Ryan’s comments come shortly before Americans For Prosperity unveiled an attack on border taxes that will focus on sending the message to states that the controversial measure is essentially a new levy on every U.S. shopper, according to Chris Neefus, a spokesman for the group, which receives funding from billionaire brothers Charles and David Koch. It has chapters in 35 states, making it an influential lobbying organization that has already pledged to fight the tax.
“This would be a significant tax on consumers,” Neefus said. The group has a “tactical plan” for local voting districts, he said.

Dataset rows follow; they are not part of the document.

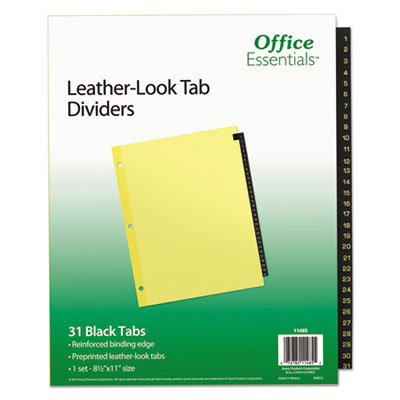 Office Essentials Preprinted Black Leather Tab Dividers, 31-Tab, 1 to 31, 11 x 8.5, Buff, 1 Set (11485)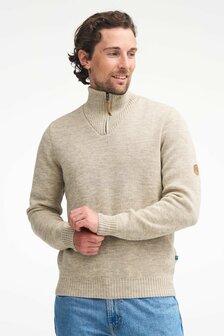NLS Merino wollen trui IEP met rits beige 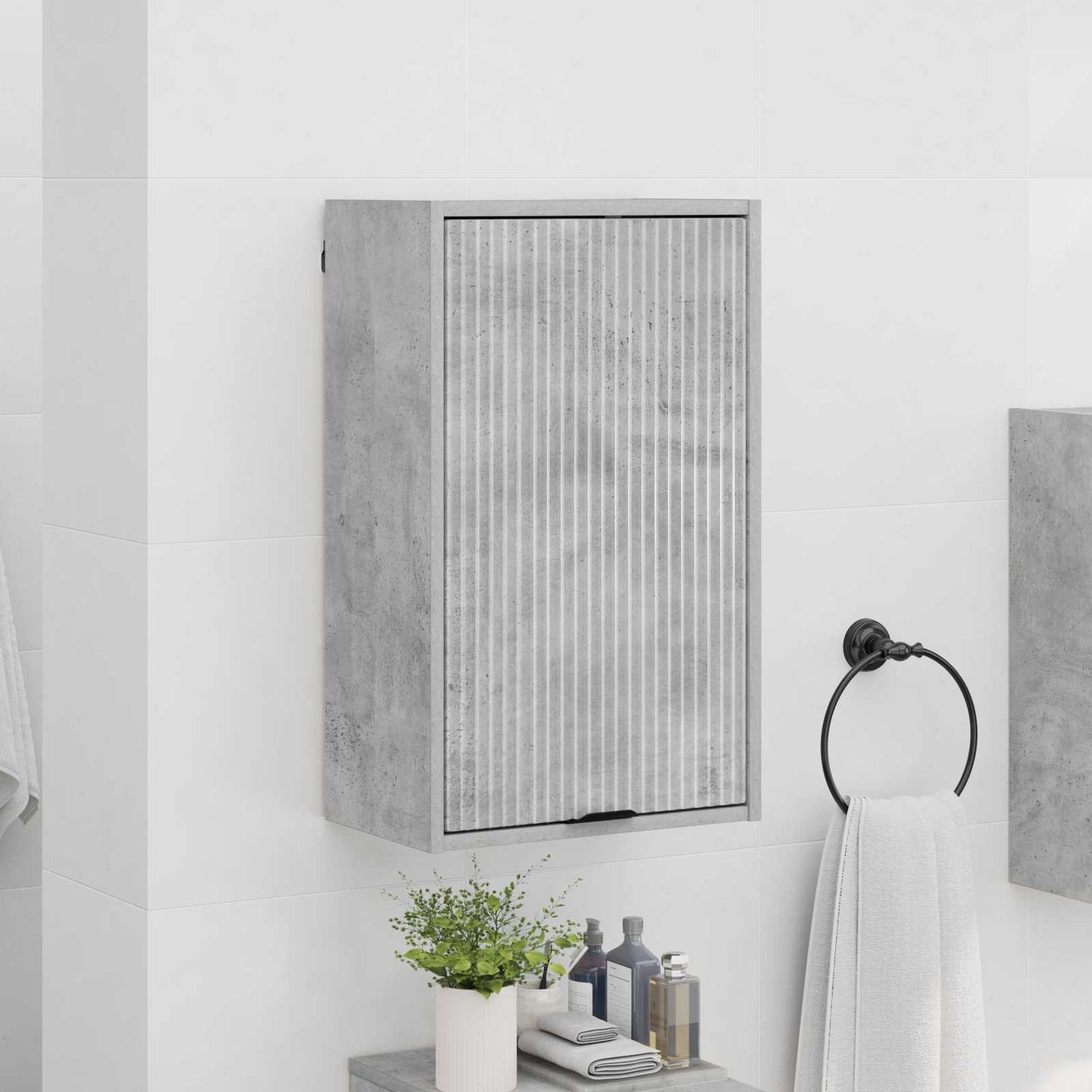 vidaXL Bathroom Cabinet Concrete Grey 39 x 23.5 x 65 cm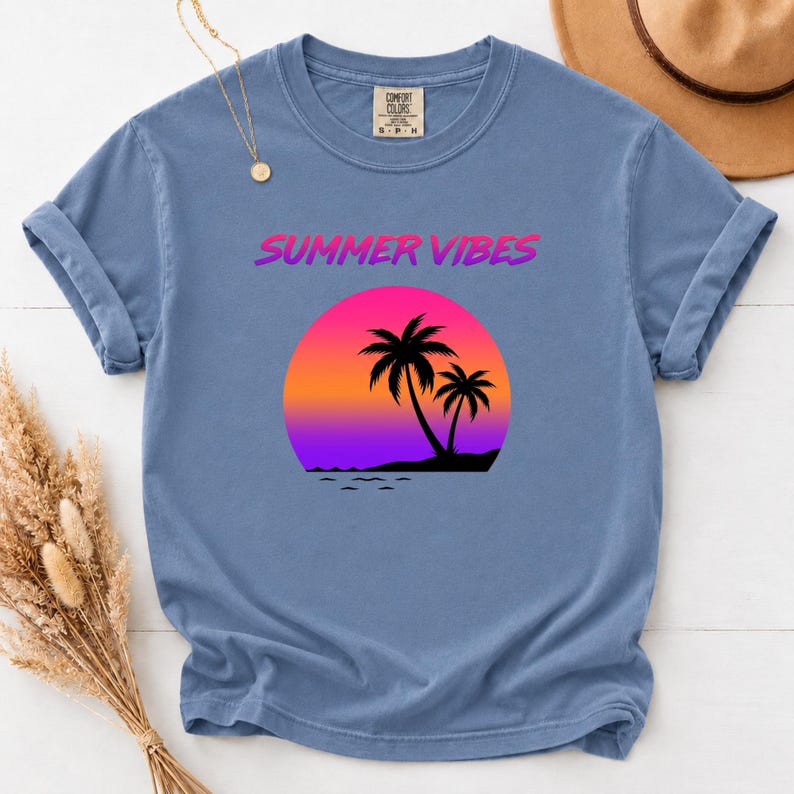 Comfort Colors Retro Sunset Shirt, Summer Vibes Tee, Palm Tree Vaporwave T-Shirt, 80s Beach Graphic Tee, Tropical Vacation Shirt image 10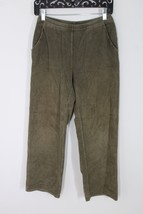 LL Bean XS Green Corduroy Perfect Fit Knit Cord Straight Leg PullOn Pant... - $21.85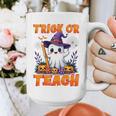 Trick Or Teach Teacher Halloween Ghost Pencil Floral Graphic Print Coffee Mug, funny design Trick Or Teach Teacher Halloween Ghost Pencil Floral Graphic Print Coffee Mug, funny design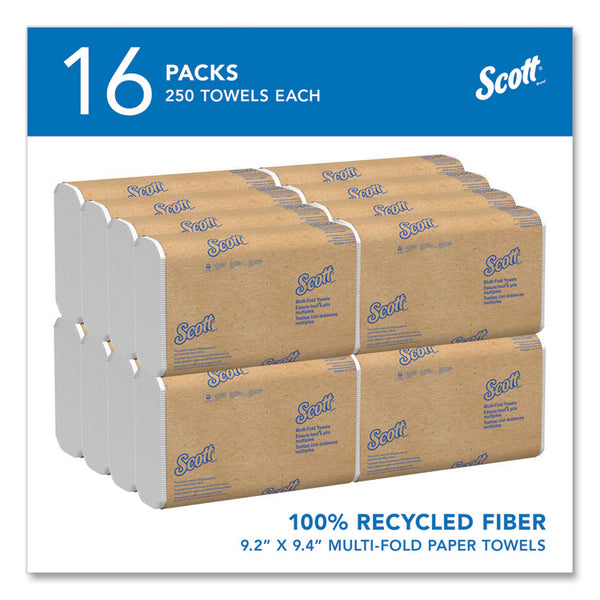 Scott® Essential Multi-Fold Towels 100% Recycled, 1-Ply, 9.2  x 9.4, White, 250/Pack, 16 Packs/Carton (KCC01807) Case of 4000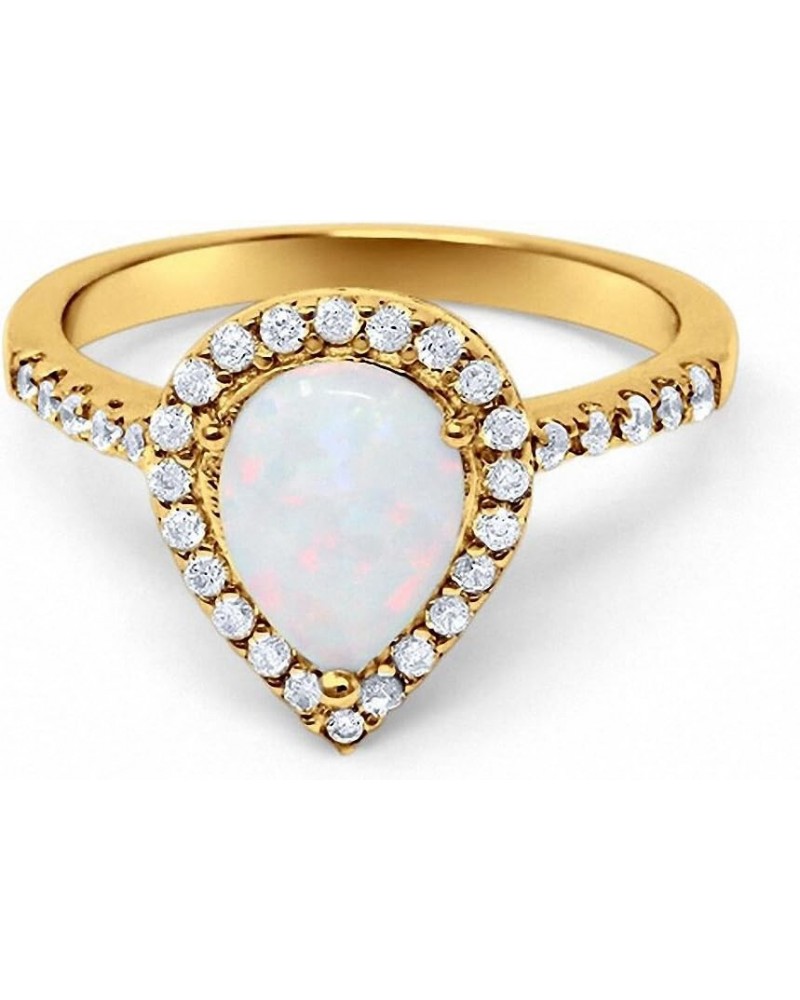 Halo Teardrop Bridal Filigree Ring Pear Round Cubic Zirconia 925 Sterling Silver Yellow Tone, Lab White Opal $11.44 Rings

The battle over border adjustments — which would tax U.S. businesses’ domestic sales and imports, while exempting their exports — has divided corporate America with retailers and other net importers on one side and exporters on the other. Supporters say the 20 percent levy would encourage domestic production. But opponents complain that it would just force companies to pass the increases to consumers — potentially boosting prices for everything from food and clothing to gasoline and auto parts — without spurring a revival of domestic manufacturing.
Koch Industries has a long history of supporting Republicans, but now it will be targeting them. A border-adjusted levy is crucial to Ryan’s tax plan because it’s estimated to raise about $1.1 trillion in revenue over a decade, according to the conservative Tax Foundation, which would help to offset the blueprint’s corporate and income tax cuts.
President Donald Trump had initially called the border tax “too complicated,” before aides have more recently said he was warming to it. It’s still unclear whether he will include Ryan’s border-adjustment concept in his tax plan.
During a meeting Wednesday between Trump and chief executive officers from chains such as Target Corp. and Gap, border adjustment dominated the conversation, with several CEOs speaking out against it, according to two people familiar with the meeting who asked not to be named. The president didn’t say whether he supported the measure, but made it clear it was part of the House blueprint and his administration would be releasing its own plan in the coming weeks, the people said.